Persian names
TL;DR See the list of Persian names here
Intro
I’m gonna be a daddy in 3 weeks, and we’re still thinking about the names. The Persian names that are allowed by Iranian government (yes, you cannot pick any name you want), is listed in https://www.sabteahval.ir/ website. The UX of that website is really awful, so I decided to crawl the website and just go through the names in an easier way.
Crawling and Storing in window.localStorage
The website is generating the whole page for each listing of names, and
it uses the app session parameter to keep its state, so it’s a bit of work
to use anything other than the browser to crawl the pages. So I decided to
write a javascript code and run it under the website using this chrome
extension: Custom JavaScript for websites
The script tries to save all names in window.localStorage
, it gets
stuck in some cases (the website is sometimes very slow), but I managed
to go through all the names with a few restarts.

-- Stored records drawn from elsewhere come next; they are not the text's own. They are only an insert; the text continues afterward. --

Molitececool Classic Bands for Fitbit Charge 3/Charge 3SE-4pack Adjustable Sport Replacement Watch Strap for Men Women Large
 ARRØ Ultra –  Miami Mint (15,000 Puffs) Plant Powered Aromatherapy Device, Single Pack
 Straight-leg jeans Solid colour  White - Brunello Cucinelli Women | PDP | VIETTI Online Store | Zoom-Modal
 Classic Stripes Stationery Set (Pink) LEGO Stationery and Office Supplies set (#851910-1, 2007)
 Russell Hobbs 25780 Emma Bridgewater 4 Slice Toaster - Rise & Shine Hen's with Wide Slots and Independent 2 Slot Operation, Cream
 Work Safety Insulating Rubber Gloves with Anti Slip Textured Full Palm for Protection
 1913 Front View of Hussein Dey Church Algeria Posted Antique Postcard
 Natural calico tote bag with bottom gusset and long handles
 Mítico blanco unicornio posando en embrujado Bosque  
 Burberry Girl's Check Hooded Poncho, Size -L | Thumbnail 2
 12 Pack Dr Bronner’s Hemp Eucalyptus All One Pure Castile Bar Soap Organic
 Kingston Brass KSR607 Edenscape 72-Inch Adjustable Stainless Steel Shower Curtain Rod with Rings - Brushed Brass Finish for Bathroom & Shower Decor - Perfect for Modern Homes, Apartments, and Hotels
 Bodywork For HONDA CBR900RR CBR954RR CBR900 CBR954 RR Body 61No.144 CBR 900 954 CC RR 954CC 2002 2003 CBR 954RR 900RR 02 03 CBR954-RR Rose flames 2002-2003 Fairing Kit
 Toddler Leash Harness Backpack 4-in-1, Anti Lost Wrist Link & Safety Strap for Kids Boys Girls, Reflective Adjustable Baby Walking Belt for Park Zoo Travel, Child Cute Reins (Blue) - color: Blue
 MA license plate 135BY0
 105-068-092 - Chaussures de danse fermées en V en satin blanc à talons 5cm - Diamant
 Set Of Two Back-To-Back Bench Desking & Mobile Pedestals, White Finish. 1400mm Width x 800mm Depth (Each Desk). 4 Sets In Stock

Transferring window.localStorage to a File
Now, all the names are under the window.localStorage
, but how to move them
into a more suitable place for searching? I thought just running
json.stringify(window.localStorage)
should do the job, but seems the
amount of data in window.localStorage
is a too big bite for the browser.
It took more than 5 minutes and I was still waiting for 6000+ names to be printed
in the console. So it did not seem to work.
So, plan B, I threw a simple Python flask app to be able to post all the names from javascript in there and store them as a file. Here’s the flask app: dumper python app. The app also cleans up and removes duplicates from the names.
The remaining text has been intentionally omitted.